Culture

The Hill I Will Die On: You’re Not Cool For Hating Halloween

Can't we just have fun for one night without boomers lecturing us?

Halloween

Want more Junkee in your life? Sign up to our newsletter, and follow us on Instagram, Twitter and Facebook so you always know where to find us.

Please, tell me more about how you hate Halloween! Tell me more about how it’s an ~American~ thing and you’re sick of Australia adopting American culture! Tell me more about how you didn’t celebrate it when you were a kid, and therefore it should never be celebrated by anyone! Tell me more about how you hate fun, you sad person!

At around this time every year, some Boomer or Gen-Xer will take to the pages of a legacy media publication to proudly declare that Halloween Is Very Very Bad. This year, the duty fell to Nicola Philp for Fairfax.

“Don’t Come Trick Or Treating At My House, I Won’t Answer The Door”, was the headline of the piece that outlined the author’s gripes with the celebration.

“I detest Halloween. I loathe it,” Philp wrote. “Huge numbers of kids now believe it’s part of the everyday, regular Australian celebrations and participate in trick or treating,” she wrote, presumably typing with one hand while her other hand was busy clutching some pearls.

“Meanwhile I shut my gates, lower the blinds and breathe my way through the whole debacle. Breathing for myself and for the planet as she groans through yet another wave of disposable plastic crap.” Nicola must be fun at parties.

Here’s the thing: I don’t have any particular affinity for Halloween. I don’t have visible enough abs to put on a pair of speedos, call it a “superhero costume”, and party with my fellow homosexuals at Arq on a Saturday night, and trick-or-treating has never been my thing. But sure, I’ll buy a bag of fun-sized Milky Ways and hand them out to any princes or princesses who knock on my door tomorrow night. Because I’m not a narc.
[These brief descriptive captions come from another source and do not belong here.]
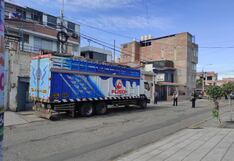 Arequipa: Desatan balacera a dos cuadras de la comisaría de Zamácola, en Cerro Colorado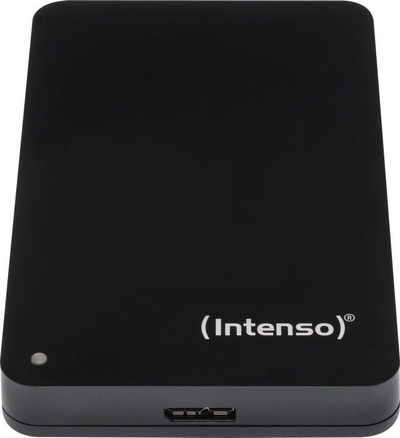 Disk i jashtëm HDD Memory Case, 5 TB, i zi 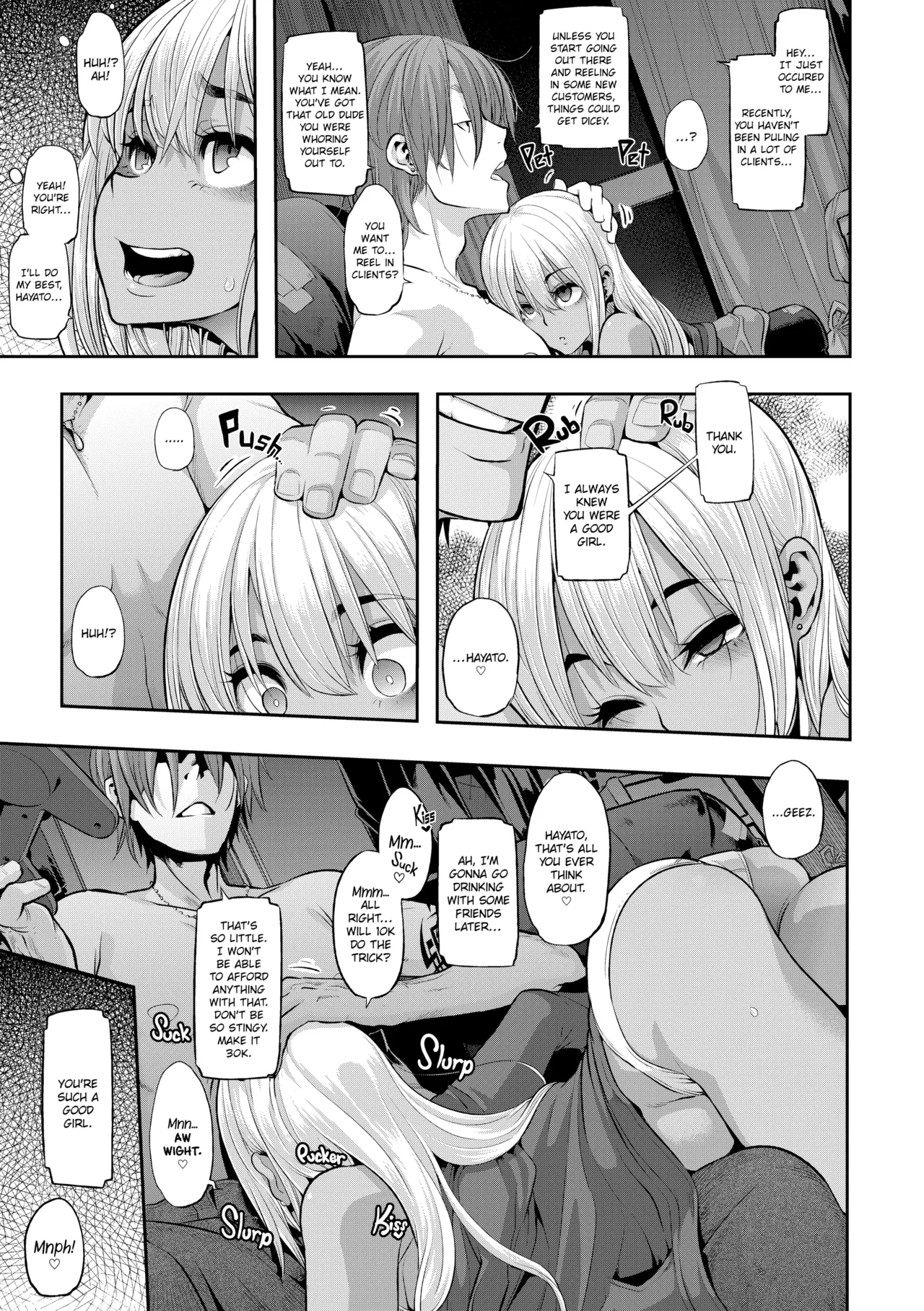 Metamorphosis page 132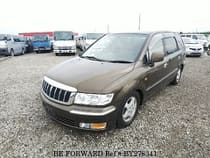 Used 2000 MITSUBISHI CHARIOT GRANDIS BY278341 for Sale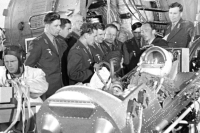 Великолепная двадцатка: как в СССР создали первый отряд космонавтов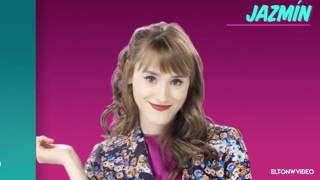 Soy Luna - Chicas Así (Video Clip Oficial)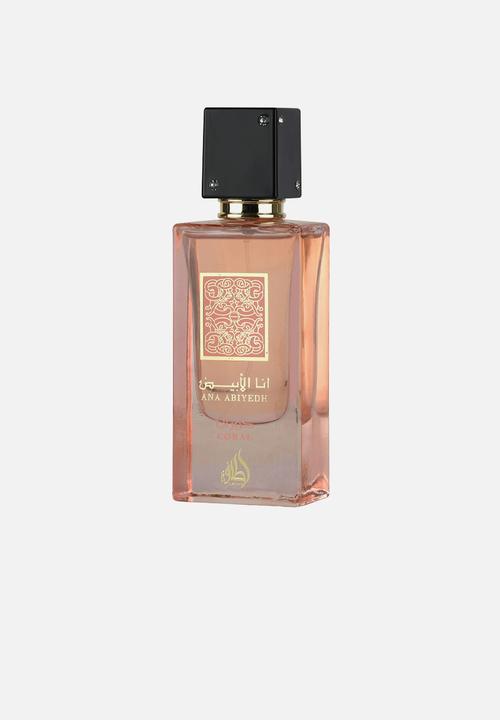 Lattafa - Lattafa Ana Abiyedh Coral Edp - 60ml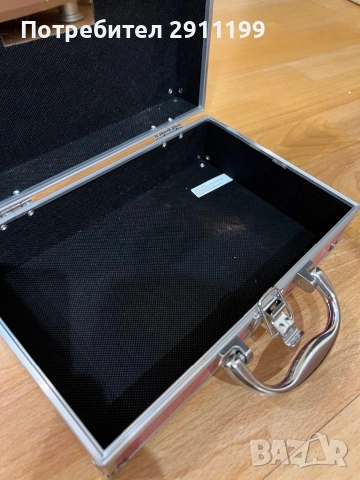 Малък куфар, снимка 8 - Куфари с инструменти - 53896078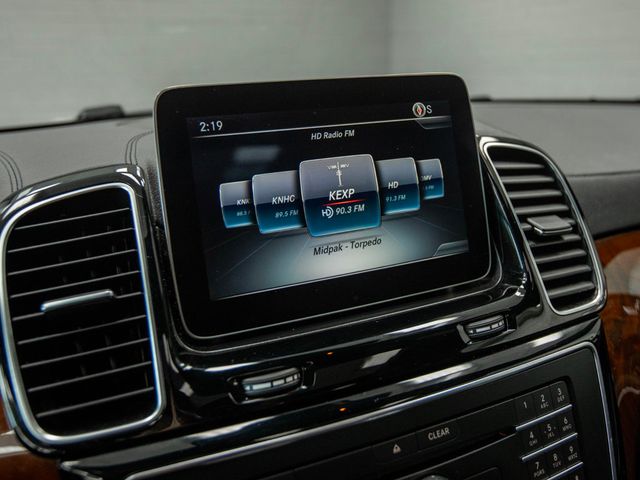 2018 Mercedes-Benz GLS GLS 550 4MATIC SUV - 23012824 - 17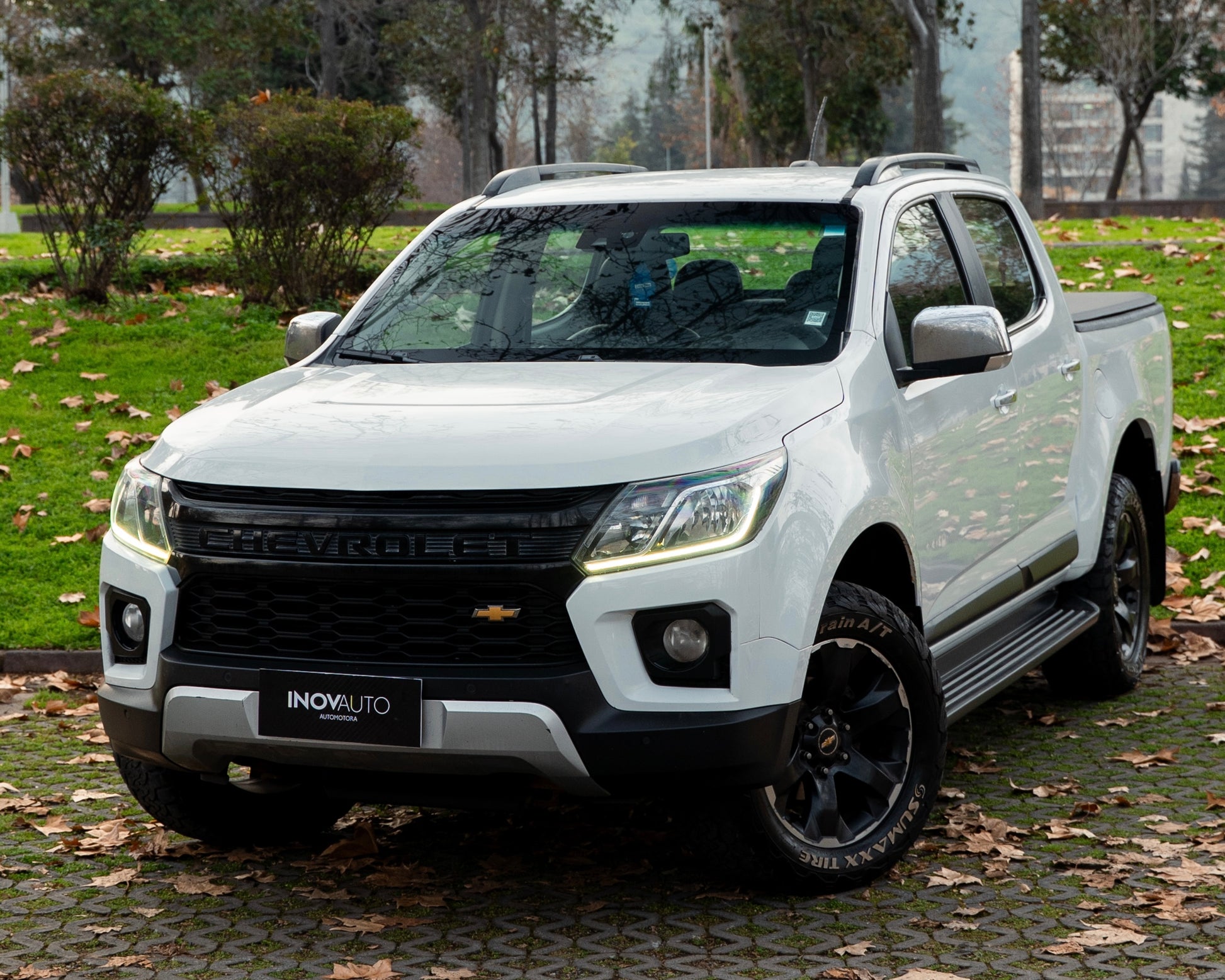 Chevrolet Colorado High Country año 2021 con 127.000 km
As Halloween’s popularity has grown in Australia over the last decade or so, a much more sinister community has popped up in parallel: The self-identified Halloween Hater. Their costume is disgust and contempt, and they wear it as a badge of honour. They proudly let us all know that Halloween is beneath them, as though we’re all supposed to admire them for their brave stance against harmless fun.

Here’s a reminder: the other option when you don’t like something is to just shut the fuck up about it.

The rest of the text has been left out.